The defendant has moved for the suppression as evidence and return to him of certain property which he claims to own. The property consists of various written transcripts of broadcasts, recordings of broadcasts, personal letters, memoranda, clippings, books, articles of clothing, toilet articles, and travel equipment, claimed by Best to have been unlawfully seized from his premises at Waechtergasse No. 1, in the City of Vienna, Austria, and other places, by members of the United States Army and employees of the Department of Justice, in violation of his rights under the Fourth and Fifth Amendments of the United States Constitution. 1
*860 It appears from the facts adduced and stipulated at the hearings on the motions that the defendant was arrested in January, 1946, by British forces in Vienna and turned over by them to the United States Army.

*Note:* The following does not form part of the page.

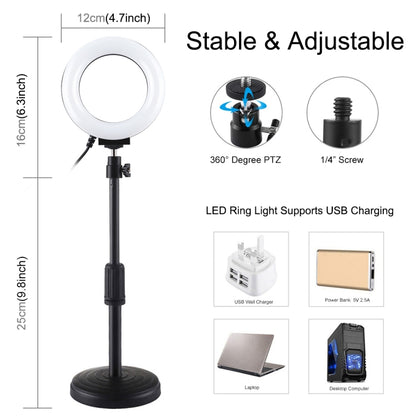 Soporte de escritorio de base redonda PULUZ + anillo de luz LED regulable por USB de 4,7 pulgadas y 12 cm con 3 modos para vlogging, altura ajustable: 15,5 cm-25,5 cm, soporte de escritorio + 4,7 pulgadas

Orders to search the defendant’s apartment at No. 1 Waechtergasse were given by the Commanding Officer of the 430th C. I. C. Detachment with headquarters in Vienna, Austria, in the same month, in accordance with military directives in force at the time and promulgated by the Joint Chiefs of Staff to the Commander-in-Chief of the United States Forces of Occupation Regarding the Military Government of Austria. When the orders to search were given, the United States Army authorities knew that Best had been engaged in propaganda activities for the German Reich and accordingly had reasonable grounds to believe that he had committed the crime of treason.

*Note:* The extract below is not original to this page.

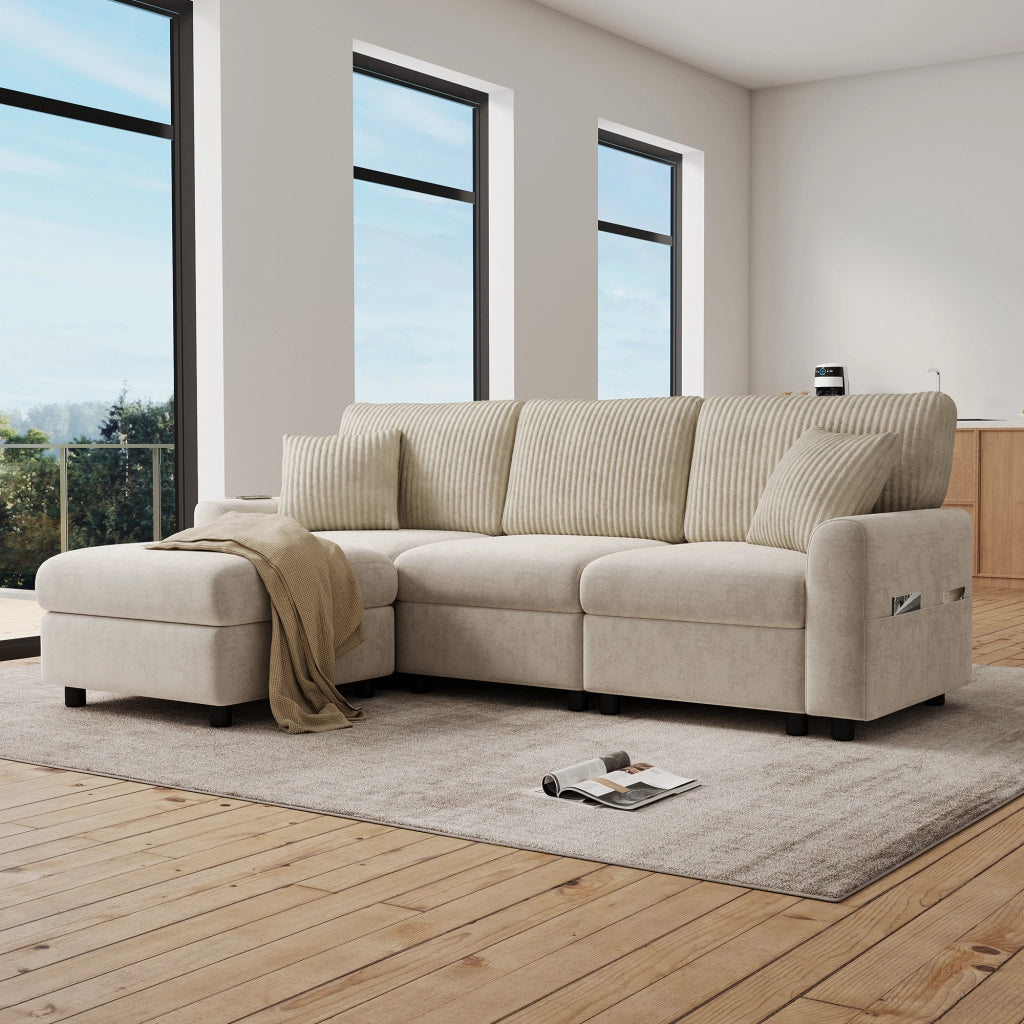 Divano moderno beige 223x146x84 cm in ciniglia e velluto a coste con pouf e porte USB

Two entries were made into Best’s apartment. The first was gained through a Dr. Ludwig Priester, an Austrian police official, who had secured the keys to Best’s apartment from the janitor of the building in which the defendant’s apartment was located. The United States Army officer on this raid arranged, in the order of their importance, the documents, which consisted of books, speeches, newspaper clippings, files and letters and, except for documents not here concerned, left them in the apartment. A second entry was made about two weeks later by United States Army authorities at which time the documents and papers of Best were removed. Mrs. Robert H. Best accompanied the United States authorities on this second visit to Best’s apartment and made no objection to the removal of the defendant’s property. At the time of the entries and seizure of the property, the authorities were not in ¡possession of a search warrant. All the papers and documents seized at this later entry have been returned to the defendant Best except the following:
Drafts of ten propaganda broadcasts written by defendant.
Draft of one propaganda leaflet writtén by defendant.
Defendant’s copies of nine items of correspondence between him and German radio and other officials.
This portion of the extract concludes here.